▶ **Input for this task**

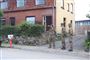Tre hjemmeværnsfolk foran en udbrændt villa. 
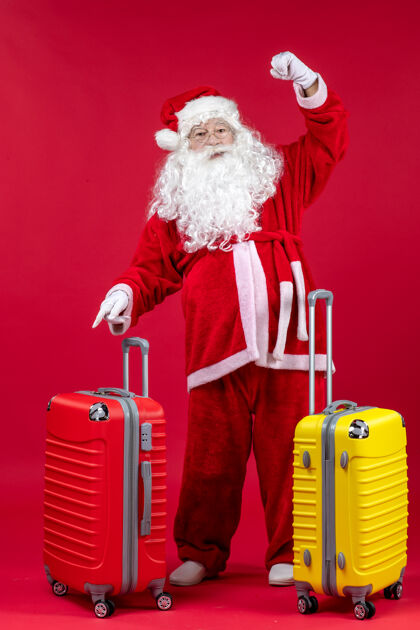 时尚带着两个袋子的圣诞老人正准备在红墙上旅行快乐服装假期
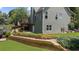 Rear exterior with multi-tiered landscaping and grass lawn at 307 Cabinwood Trl, Canton, GA 30115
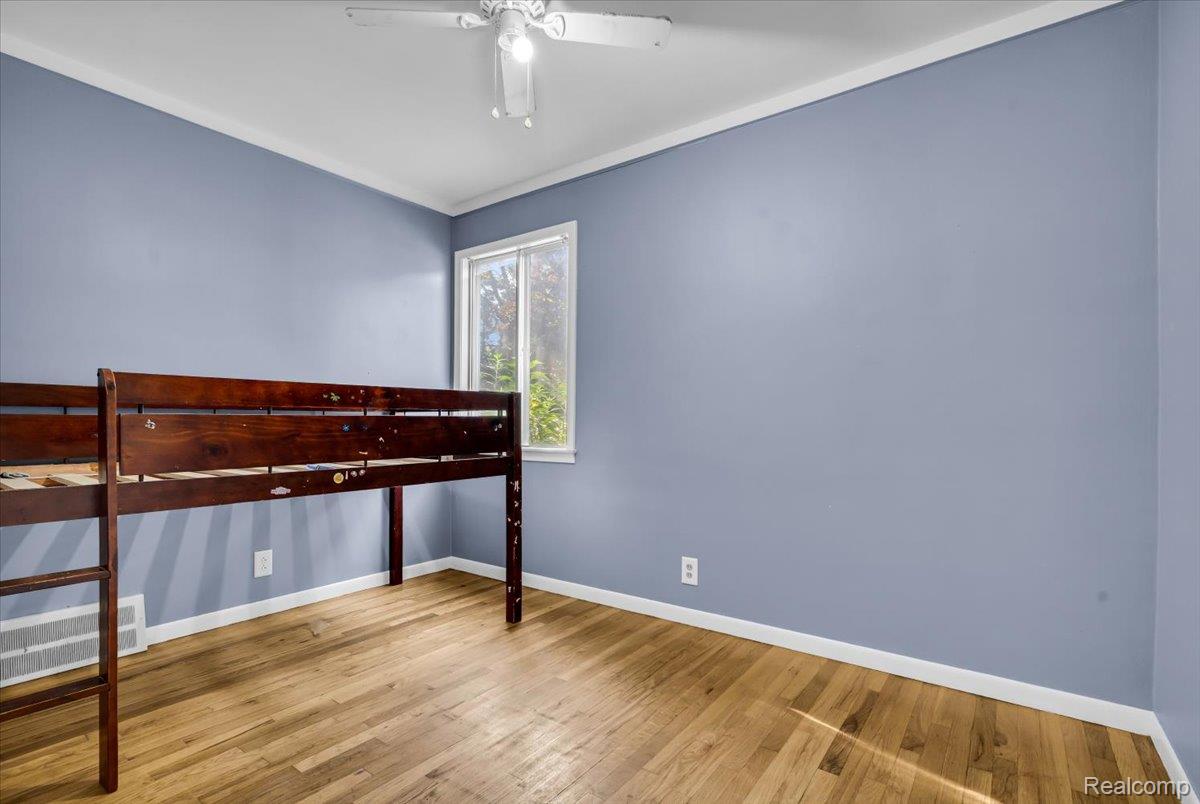 1215 Center Street Inkster, MI 48141 - Photo 17 of 30 Hardwood flooring, painted walls, window with natural light, white ceiling fan with light fixture, and white crown molding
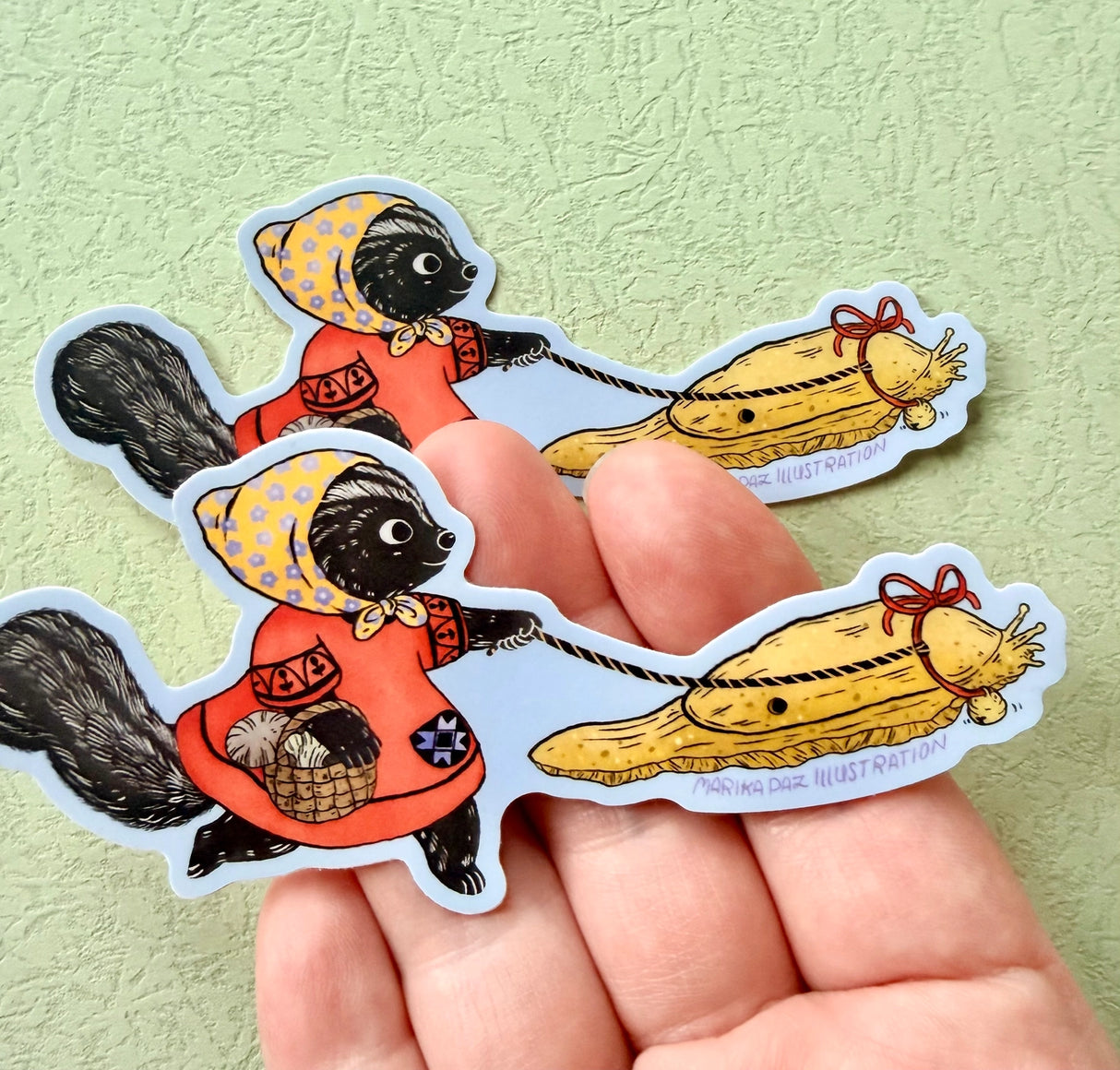 This Skunk and Slug are going for a walk.
This vinyl matte sticker is weather and waterproof-stick it on a notebook, bike, or car- it's going to stick around! Heck, throw it on a water bottle and through the dishwasher. This sticker can go anywhere. Sticker measures 4.74" x 2.75" Printed in USA.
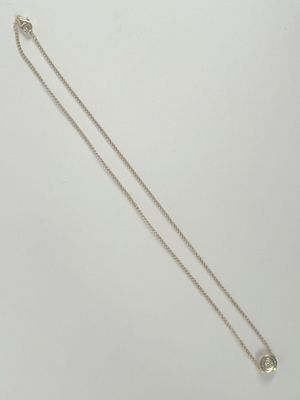 a white gold necklace with a single diamond on a chain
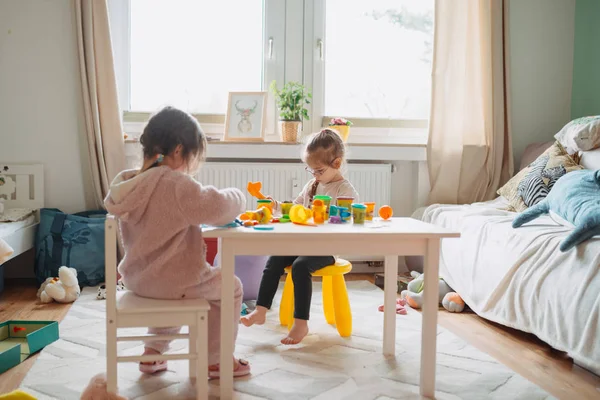 İki küçük kız çocuk odasında hamurla oynuyorlar. — Stok fotoğraf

▶ **Instructions to follow**
Here the job is to retype exactly the lines that start at the one containing "This Skunk and Slug are going for a walk." and run through the end of the records above, leaving out pictures.

▶ **Response**
 This Skunk and Slug are going for a walk.
This vinyl matte sticker is weather and waterproof-stick it on a notebook, bike, or car- it's going to stick around! Heck, throw it on a water bottle and through the dishwasher. This sticker can go anywhere. Sticker measures 4.74" x 2.75" Printed in USA.
 a white gold necklace with a single diamond on a chain
 İki küçük kız çocuk odasında hamurla oynuyorlar. — Stok fotoğraf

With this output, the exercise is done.